The GEF-UNDP Targeted Portfolio Project on Capacity Building and Mainstreaming of Sustainable Land Management (SLM) for Least Developed Countries (LDCs) and Small Island Developing States (SIDS) has lofty goals. It is addressing the mainstreaming of land degradation issues into national legal frameworks while ensuring that governments can continue to promote economic growth and development in their countries (more information on UNDP Asian-Pacific Regional Centre).
Since 2009, the SLM activities represent a concerted effort to respond to the main barriers (planning, legal frameworks, research) identified in Capacity Building for Sustainable Land Management in Kiribati. The activitiesspan a broad array of issues such as: Integrated Land-Use Planning, Research in SLM, Resource Survey, Baseline Data, Sustainable Agriculture, Land Rehabilitation, SLM into national strategies, SLM into sector policies, Policy/options for Beach Mining, Gender Promotion (For more information visit the website Secretariat of the Pacific Region Environment programme)
A resounding trend throughout all activities is the involvement other departments and relevant communities. A variety of training sessions, workshops, and consultations have utilized radio, schools, communities and councils to include many voices in planning for the future. These interventions cover topics like strategy and policy development incorporating SLM principles, awareness training on urban planning and new settlements, monitoring and enforcement, land-use, aggregates management, and gender mainstreaming.
From a capacity development standpoint, demonstration projects were initiated to provide examples of waste management, composting, and sustainable agro-forestry in water catchments. Training sessions were completed on organic waste, organic agriculture, software for urban planning, GIS, GPS, urban planning design, data collection and analysis, and land information management.
There has also been a great push to incorporate sustainable land management into the national legal framework. Many policies have been drafted and are awaiting endorsement by the Cabinet; these include urban planning, sustainable use and management of aggregates, and agriculture policies that align with the Kiribati Development Plan and the National Action Programme (NAP).
The SLM Programme unit has also recognized the need to gather more information about the current situation through a needs-assessment for science and socio-economic research was conducted to determine priorities for training, market studies on organic produce in several areas, and water quality testing in water catchments.
Some more examples of implemented actions include a pigpen that incorporates waste management in organic farming, and the design of a water catchment facility. Following-up on the training on data collection and analysis a baseline assessment on land degradation is ongoing through daily patrols.
Although a lot of progress has been achieved, challenges remain. Most notably community interest and participation, and information sharing about lessons learnt, narratives, and reports on land degradation issues need to be strengthened.
Featured Event Report
The agro-forestry demonstration project was implemented on nine islands from the Gilbert group in 2010 as a community-based activity, with both men and women participants from different villages.

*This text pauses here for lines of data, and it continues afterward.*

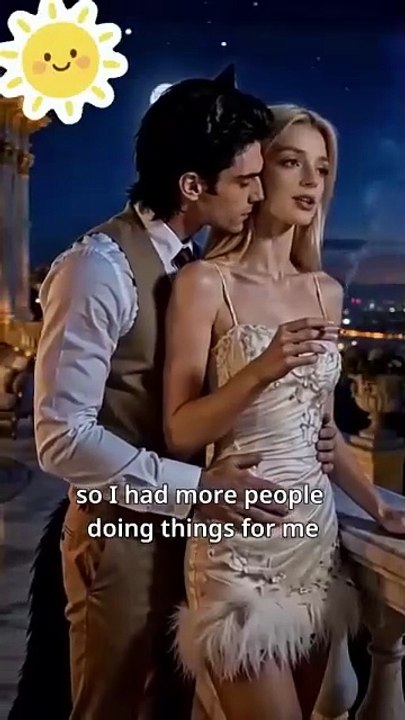 Explicit Video - Dailymotion
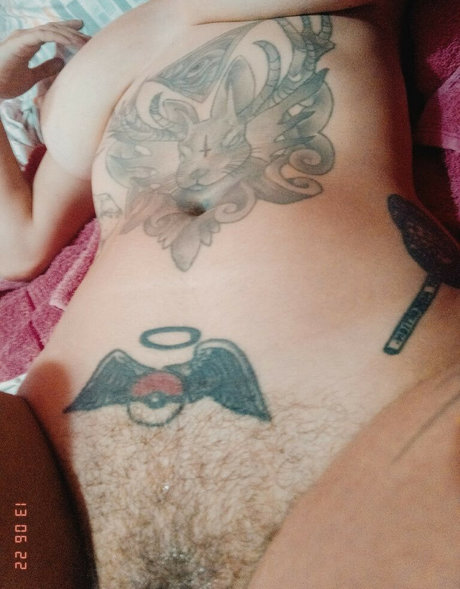 Milly Lascy pornstar xxx pics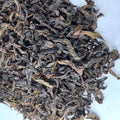 Original Factory Wu Long Da Hong Pao Tea for Body Healthcare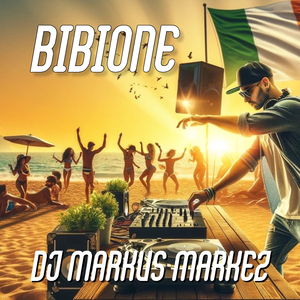 Bibione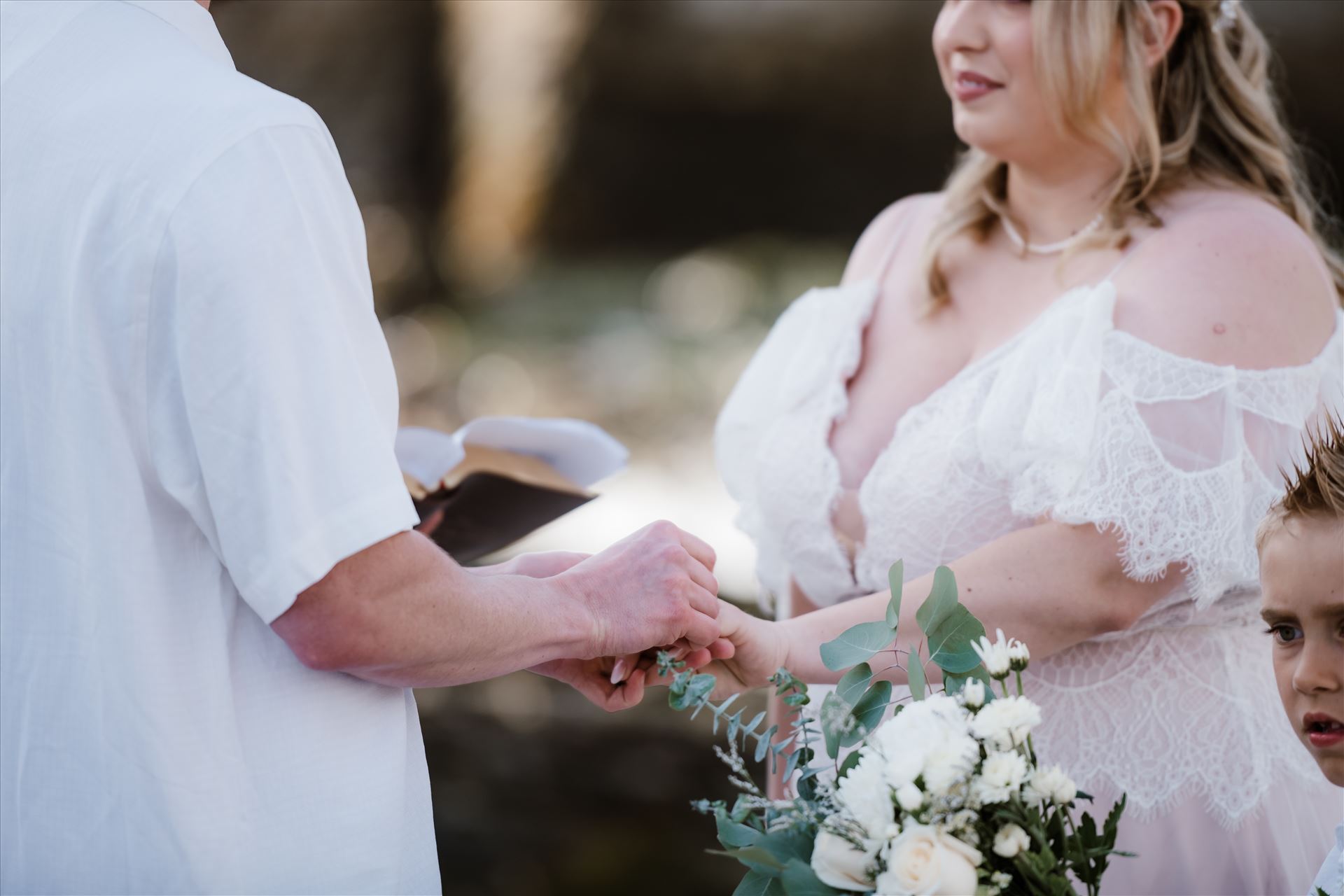 Elopement-1799.jpg  by Sarah Williams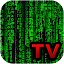 Matrix TV Live Wallpaper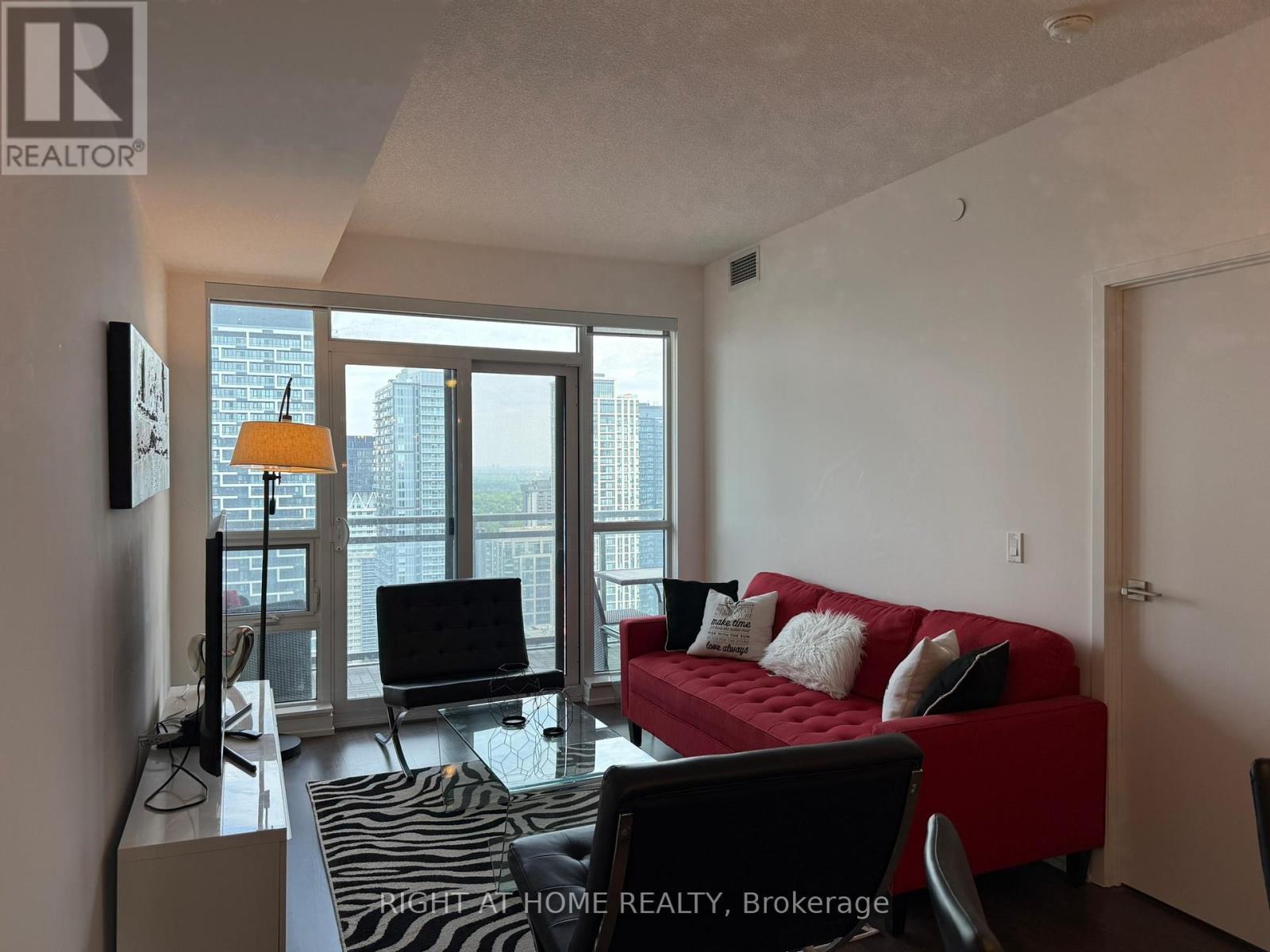 2913 - 98 Lillian Street, Toronto, Ontario  M4S 0A5 - Photo 25 - C13410986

Various legumes including tomato, cucumber, and cabbage were planted because of their nutritious qualities for consumption, and also because they improve soil quality composition. Composting was also introduced to complement soil enrichment practices. Nitrogen fixing trees were planted on the perimeter of the crop area to improve long-term survivability.
This project incorporated inventories of existing plants on islands to gain information about native varieties. Awareness building was also a part of the process, to ensure that agricultural tools were being used appropriately among villagers.
The events proved to be educational for the communities but also for the SLM team. One good example was the fact that the communities did not immediately understand that the legumes were consumable, and as such were allowing them to enrich the soil and then uprooting and throwing them away. Remedial training and awareness-building was conducted to counter this practice and the SLM team now has a better understanding of the knowledge gaps to be addressed.